# Fire bellied toads NEED UVB?!?



## twydell (Jul 29, 2008)

someone reacons i need a UVB for my fire bellied toads... apparantly because they are light brown instead of green is because they have no uvb rays and cant absorb calcium or vitamin d?!!?!?!?

but i thought u dont need uvb?? and i swear there are diff types of fire bellies colour species!!! so confused. should i get a uvb for their tank?


----------



## sean k (Dec 20, 2007)

*uv*

i think that they do not need a uv but if you do have one the toads will go a brighter colour.


----------



## Lucifus (Aug 30, 2007)

They dont need UV but they do get brighter if you give it to them.


----------



## Frogdude (Jun 28, 2008)

I've kept FBTs both with and without UV, and there's little if any difference in the colour.
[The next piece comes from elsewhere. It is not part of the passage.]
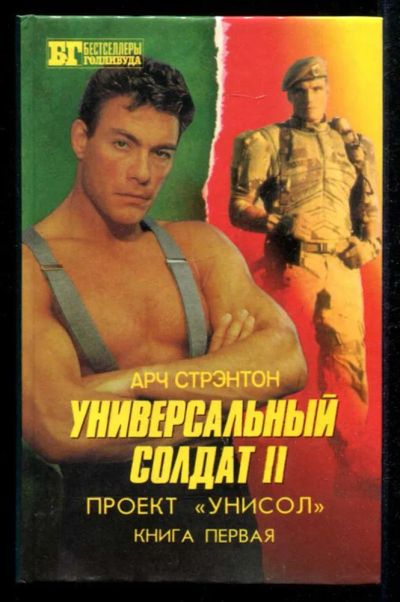 Лот: 23435414. Фото: 1. Универсальный солдат II. Проект... Художественная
The back colour varies according to the region they come from. I think its the Korean variety that are bright lime green.


----------



## kinger88 (Aug 1, 2008)

As said above, there are different kinds of firebellies, oriental is a common name but they come from different places


----------



## zune_lai (Feb 6, 2008)

They dont need it a think but i suppose it wouldnt hurt them it will probably give your toads a brighter colour and help with calicum absorbtion. But make sure its not high uvb i think 2% will do


----------